[Opening Records provided section]

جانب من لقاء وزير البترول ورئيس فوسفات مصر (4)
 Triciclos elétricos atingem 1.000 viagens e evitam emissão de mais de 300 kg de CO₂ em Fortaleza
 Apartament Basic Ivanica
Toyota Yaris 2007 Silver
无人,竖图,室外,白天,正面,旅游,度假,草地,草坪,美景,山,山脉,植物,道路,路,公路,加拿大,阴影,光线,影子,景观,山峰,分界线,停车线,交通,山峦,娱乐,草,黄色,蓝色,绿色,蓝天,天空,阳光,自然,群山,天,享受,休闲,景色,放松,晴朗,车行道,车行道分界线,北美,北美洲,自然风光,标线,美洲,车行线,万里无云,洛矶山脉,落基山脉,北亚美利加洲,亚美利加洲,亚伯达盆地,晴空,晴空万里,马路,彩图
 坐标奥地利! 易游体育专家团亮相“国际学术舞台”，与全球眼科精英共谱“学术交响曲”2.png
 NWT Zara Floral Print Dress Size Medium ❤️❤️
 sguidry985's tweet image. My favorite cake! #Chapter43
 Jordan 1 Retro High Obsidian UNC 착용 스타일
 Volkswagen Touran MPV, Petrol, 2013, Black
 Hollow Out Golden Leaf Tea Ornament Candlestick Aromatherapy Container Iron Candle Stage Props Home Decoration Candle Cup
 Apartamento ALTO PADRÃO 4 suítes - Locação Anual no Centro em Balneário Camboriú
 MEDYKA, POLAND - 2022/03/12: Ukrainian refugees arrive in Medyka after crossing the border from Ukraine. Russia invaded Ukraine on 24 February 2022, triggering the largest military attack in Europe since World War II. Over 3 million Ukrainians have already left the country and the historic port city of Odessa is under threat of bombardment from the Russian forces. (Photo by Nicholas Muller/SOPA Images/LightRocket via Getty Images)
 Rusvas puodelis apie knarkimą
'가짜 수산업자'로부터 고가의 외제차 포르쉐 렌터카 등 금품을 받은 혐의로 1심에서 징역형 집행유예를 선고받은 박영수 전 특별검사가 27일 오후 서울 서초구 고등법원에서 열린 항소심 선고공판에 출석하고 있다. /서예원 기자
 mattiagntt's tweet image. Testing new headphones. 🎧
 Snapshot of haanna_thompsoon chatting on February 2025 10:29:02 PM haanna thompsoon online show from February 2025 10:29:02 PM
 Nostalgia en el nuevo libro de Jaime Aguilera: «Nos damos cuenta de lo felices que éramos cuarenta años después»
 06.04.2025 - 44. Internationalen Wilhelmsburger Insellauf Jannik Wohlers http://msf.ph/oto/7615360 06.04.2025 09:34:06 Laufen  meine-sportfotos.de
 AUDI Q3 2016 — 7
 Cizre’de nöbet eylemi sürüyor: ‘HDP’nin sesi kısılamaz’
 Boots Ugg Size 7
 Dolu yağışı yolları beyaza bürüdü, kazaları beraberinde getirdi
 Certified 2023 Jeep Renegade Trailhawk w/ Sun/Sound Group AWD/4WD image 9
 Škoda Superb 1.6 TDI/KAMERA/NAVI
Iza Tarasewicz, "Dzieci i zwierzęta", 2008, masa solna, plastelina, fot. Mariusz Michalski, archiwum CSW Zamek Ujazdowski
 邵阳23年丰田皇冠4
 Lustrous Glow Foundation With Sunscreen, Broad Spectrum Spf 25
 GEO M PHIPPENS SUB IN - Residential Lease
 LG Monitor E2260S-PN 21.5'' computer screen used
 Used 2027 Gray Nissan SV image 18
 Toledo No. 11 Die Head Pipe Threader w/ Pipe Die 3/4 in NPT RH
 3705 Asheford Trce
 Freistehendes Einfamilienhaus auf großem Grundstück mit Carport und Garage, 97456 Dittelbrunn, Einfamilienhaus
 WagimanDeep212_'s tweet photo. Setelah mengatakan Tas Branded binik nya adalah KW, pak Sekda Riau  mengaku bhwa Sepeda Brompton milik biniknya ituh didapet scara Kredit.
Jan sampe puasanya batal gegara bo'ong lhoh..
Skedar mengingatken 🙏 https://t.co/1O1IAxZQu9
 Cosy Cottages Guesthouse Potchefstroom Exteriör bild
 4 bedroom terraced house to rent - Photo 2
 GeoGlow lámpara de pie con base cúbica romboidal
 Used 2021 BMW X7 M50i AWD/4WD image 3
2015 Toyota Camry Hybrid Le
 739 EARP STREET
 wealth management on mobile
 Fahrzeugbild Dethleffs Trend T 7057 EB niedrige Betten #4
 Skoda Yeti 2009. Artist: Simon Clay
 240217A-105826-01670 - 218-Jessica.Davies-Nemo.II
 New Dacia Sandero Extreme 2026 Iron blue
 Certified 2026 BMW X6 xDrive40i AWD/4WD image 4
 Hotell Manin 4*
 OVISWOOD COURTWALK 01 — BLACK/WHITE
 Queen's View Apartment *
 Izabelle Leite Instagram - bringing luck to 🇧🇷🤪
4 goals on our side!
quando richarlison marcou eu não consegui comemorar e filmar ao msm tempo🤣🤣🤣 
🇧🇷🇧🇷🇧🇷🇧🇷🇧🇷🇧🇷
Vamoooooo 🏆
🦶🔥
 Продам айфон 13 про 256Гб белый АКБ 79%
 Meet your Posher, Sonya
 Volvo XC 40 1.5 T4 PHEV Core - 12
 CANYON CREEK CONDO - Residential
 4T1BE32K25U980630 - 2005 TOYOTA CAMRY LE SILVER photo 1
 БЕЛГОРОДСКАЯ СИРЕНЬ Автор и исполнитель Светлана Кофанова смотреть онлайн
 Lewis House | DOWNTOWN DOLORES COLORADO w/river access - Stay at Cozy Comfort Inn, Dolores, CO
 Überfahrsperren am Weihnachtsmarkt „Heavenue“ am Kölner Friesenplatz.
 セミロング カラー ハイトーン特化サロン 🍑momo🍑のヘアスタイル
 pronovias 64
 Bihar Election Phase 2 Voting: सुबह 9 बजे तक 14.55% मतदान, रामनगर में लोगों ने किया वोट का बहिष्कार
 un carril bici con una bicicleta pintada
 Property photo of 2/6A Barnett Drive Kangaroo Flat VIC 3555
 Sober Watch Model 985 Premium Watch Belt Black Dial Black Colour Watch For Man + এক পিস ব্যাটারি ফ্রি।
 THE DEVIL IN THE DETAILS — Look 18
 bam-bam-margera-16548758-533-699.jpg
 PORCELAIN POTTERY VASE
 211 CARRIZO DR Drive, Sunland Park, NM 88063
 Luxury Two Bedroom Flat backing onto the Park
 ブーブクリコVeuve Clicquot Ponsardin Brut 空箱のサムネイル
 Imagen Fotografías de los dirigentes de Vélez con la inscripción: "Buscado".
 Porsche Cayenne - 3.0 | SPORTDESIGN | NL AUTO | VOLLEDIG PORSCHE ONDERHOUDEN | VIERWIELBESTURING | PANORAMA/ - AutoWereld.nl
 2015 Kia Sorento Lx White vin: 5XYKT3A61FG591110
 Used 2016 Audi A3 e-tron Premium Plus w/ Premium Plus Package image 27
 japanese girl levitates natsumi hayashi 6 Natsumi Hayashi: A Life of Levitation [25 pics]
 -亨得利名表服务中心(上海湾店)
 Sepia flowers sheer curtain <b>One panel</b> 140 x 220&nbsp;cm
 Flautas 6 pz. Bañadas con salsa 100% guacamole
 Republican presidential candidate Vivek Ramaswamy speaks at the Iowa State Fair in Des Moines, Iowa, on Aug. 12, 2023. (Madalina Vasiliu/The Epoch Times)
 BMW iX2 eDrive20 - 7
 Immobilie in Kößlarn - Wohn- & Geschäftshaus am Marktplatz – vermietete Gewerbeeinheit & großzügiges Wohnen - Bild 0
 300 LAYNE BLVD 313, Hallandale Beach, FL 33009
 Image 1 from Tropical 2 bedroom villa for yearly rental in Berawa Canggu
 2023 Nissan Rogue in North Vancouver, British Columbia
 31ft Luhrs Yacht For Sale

[Closing Records provided section]

### What this task involves
Your task is to restate, word for word, only those lines above that fall between the line holding "Fahrzeugbild Dethleffs Trend" and the line holding "Porsche Cayenne - 3.0", inclusive.

### Result
 Fahrzeugbild Dethleffs Trend T 7057 EB niedrige Betten #4
 Skoda Yeti 2009. Artist: Simon Clay
 240217A-105826-01670 - 218-Jessica.Davies-Nemo.II
 New Dacia Sandero Extreme 2026 Iron blue
 Certified 2026 BMW X6 xDrive40i AWD/4WD image 4
 Hotell Manin 4*
 OVISWOOD COURTWALK 01 — BLACK/WHITE
 Queen's View Apartment *
 Izabelle Leite Instagram - bringing luck to 🇧🇷🤪
4 goals on our side!
quando richarlison marcou eu não consegui comemorar e filmar ao msm tempo🤣🤣🤣 
🇧🇷🇧🇷🇧🇷🇧🇷🇧🇷🇧🇷
Vamoooooo 🏆
🦶🔥
 Продам айфон 13 про 256Гб белый АКБ 79%
 Meet your Posher, Sonya
 Volvo XC 40 1.5 T4 PHEV Core - 12
 CANYON CREEK CONDO - Residential
 4T1BE32K25U980630 - 2005 TOYOTA CAMRY LE SILVER photo 1
 БЕЛГОРОДСКАЯ СИРЕНЬ Автор и исполнитель Светлана Кофанова смотреть онлайн
 Lewis House | DOWNTOWN DOLORES COLORADO w/river access - Stay at Cozy Comfort Inn, Dolores, CO
 Überfahrsperren am Weihnachtsmarkt „Heavenue“ am Kölner Friesenplatz.
 セミロング カラー ハイトーン特化サロン 🍑momo🍑のヘアスタイル
 pronovias 64
 Bihar Election Phase 2 Voting: सुबह 9 बजे तक 14.55% मतदान, रामनगर में लोगों ने किया वोट का बहिष्कार
 un carril bici con una bicicleta pintada
 Property photo of 2/6A Barnett Drive Kangaroo Flat VIC 3555
 Sober Watch Model 985 Premium Watch Belt Black Dial Black Colour Watch For Man + এক পিস ব্যাটারি ফ্রি।
 THE DEVIL IN THE DETAILS — Look 18
 bam-bam-margera-16548758-533-699.jpg
 PORCELAIN POTTERY VASE
 211 CARRIZO DR Drive, Sunland Park, NM 88063
 Luxury Two Bedroom Flat backing onto the Park
 ブーブクリコVeuve Clicquot Ponsardin Brut 空箱のサムネイル
 Imagen Fotografías de los dirigentes de Vélez con la inscripción: "Buscado".
 Porsche Cayenne - 3.0 | SPORTDESIGN | NL AUTO | VOLLEDIG PORSCHE ONDERHOUDEN | VIERWIELBESTURING | PANORAMA/ - AutoWereld.nl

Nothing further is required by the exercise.